On December 5, the House passed H.R. 3309, also known as the Innovation Act, by a wide margin of 325-91. The bill now moves to the Senate, where it’s expected to receive limited opposition and could be signed into law by the end of the year.

Proponents of the bill included industry giants such as Google and Microsoft, but it also saw broad support from brick and mortar businesses that have felt the sting of patent trolling practices, which we’ll describe below.

On balance, we see the Innovation Act as an important step in patent reform that should effectively weed out a significant number of frivolous lawsuits, while also providing businesses an extra layer of economic protection against patent trolls.

What are Patent Trolls and How Does the Innovation Act Address Them?

“Patent Trolls,” also known as “non-practicing entities” or “patent assertion entities,” are companies set up for the sole purpose of buying patents and asserting them. They can be a positive force when they help protect small inventors by asserting their patents against larger infringing companies.

In recent years, however, patent trolling practices have grown increasingly abusive. Patent trolls will send demand letters to businesses which they accuse of violating a patent, often forcing that business to do one of two things: engage in an expensive and often lengthy round of patent litigation, or pay a licensing settlement — often times simply to avoid legal fees. In many cases, though, the business hasn’t even violated patent law.

The Innovation Act is designed to curb these abusive patent trolling practices by making it more difficult procedurally to bring a case forward. The act has many provisions, but here are the key ones we think will have the biggest impact in discouraging abusive tactics:

  • Require more upfront specificity in patent lawsuits. Requires a claimant to identify the patents and claims that are being infringed, and explain how they are being infringed. This provision largely addresses the problem Thomas Yeh wrote about in a 2012 George Washington Law Review article, when he asserted that Section 337 of the Tariff Act of 1930 should be amended “to require licensing complainants to demonstrate an injury to their domestic industry before obtaining an exclusion order.”
  • Transparency of patent ownership. Requires the plaintiff to name all parties with ownership and financial interest in the patent, and anyone with a right to sublicense or enforce it.
  • Assigning legal fees. Requires the losing party to pay fees and expenses associated with the suit if the claims made were not reasonably justified under the law.
  • Limit and/or delay discovery. In some cases, the court may determine that it must first rule on the construction of terms in a patent claim before considering the alleged infringement. The act allows the court in these cases to limit the amount of information needed in discovery, which can save the defendant quite a bit of time and money needed to put that information together.
  • Customer suit exception. If a patent troll targets an end user of a certain technology, such as a small business, the manufacturer of that technology (bigger business) can intervene on their behalf. This provision would be a sigh of relief for many small businesses that simply can’t afford to address a patent infringement claim.

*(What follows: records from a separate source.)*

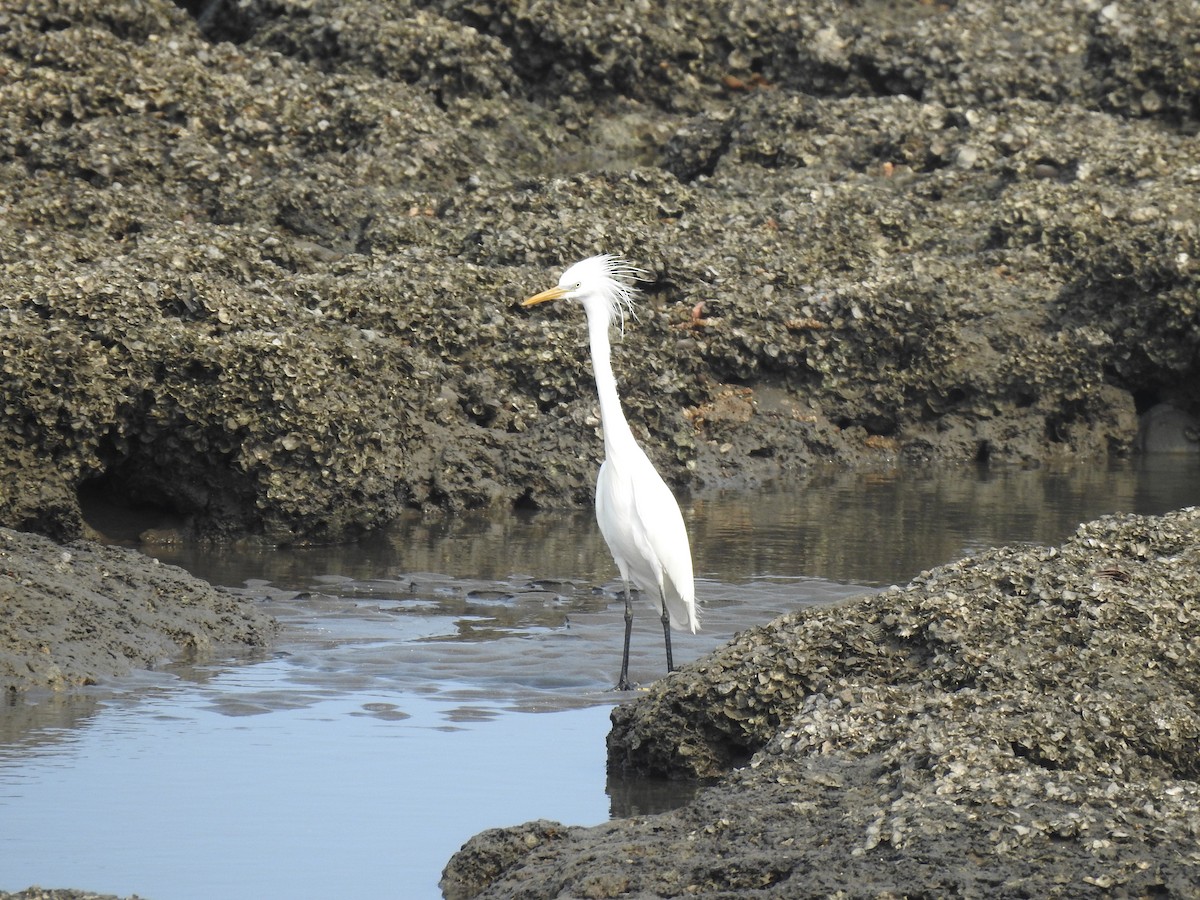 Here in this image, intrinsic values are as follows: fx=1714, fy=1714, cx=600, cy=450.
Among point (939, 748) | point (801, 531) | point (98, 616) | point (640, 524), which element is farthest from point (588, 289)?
point (939, 748)

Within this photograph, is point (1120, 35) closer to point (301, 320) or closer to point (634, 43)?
point (634, 43)

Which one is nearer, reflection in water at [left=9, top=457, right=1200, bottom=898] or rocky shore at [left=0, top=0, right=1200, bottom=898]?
rocky shore at [left=0, top=0, right=1200, bottom=898]

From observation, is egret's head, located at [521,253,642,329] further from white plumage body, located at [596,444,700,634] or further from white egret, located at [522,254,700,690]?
white plumage body, located at [596,444,700,634]

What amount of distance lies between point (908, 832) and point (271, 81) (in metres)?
14.9

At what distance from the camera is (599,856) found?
14.6 ft

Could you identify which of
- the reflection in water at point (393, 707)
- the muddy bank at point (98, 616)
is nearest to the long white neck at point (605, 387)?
the reflection in water at point (393, 707)

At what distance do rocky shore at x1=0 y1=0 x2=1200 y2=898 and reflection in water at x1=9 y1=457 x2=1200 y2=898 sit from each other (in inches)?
16.0

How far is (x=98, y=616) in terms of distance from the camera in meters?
7.83

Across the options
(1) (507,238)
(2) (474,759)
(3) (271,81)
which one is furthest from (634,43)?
(2) (474,759)

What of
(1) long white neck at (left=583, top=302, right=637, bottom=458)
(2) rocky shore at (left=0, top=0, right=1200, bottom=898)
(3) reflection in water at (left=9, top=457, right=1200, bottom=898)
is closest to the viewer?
(2) rocky shore at (left=0, top=0, right=1200, bottom=898)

Assessing the Impact of the Innovation Act

A Boston University study estimates that patent trolls have cost defendants $500 billion in lost revenues between 1990 and 2010, but it also seems fair to consider the sizable opportunity cost that’s incurred when businesses forgo research and development out of fear of patent trolling.

Should the Innovation Act effectively serve its purpose of creating headwinds for unfair and frivolous patent litigation cases, the businesses that avoid lawsuits as a result can operate more freely and fairly, contributing to output and innovation where they otherwise might not have.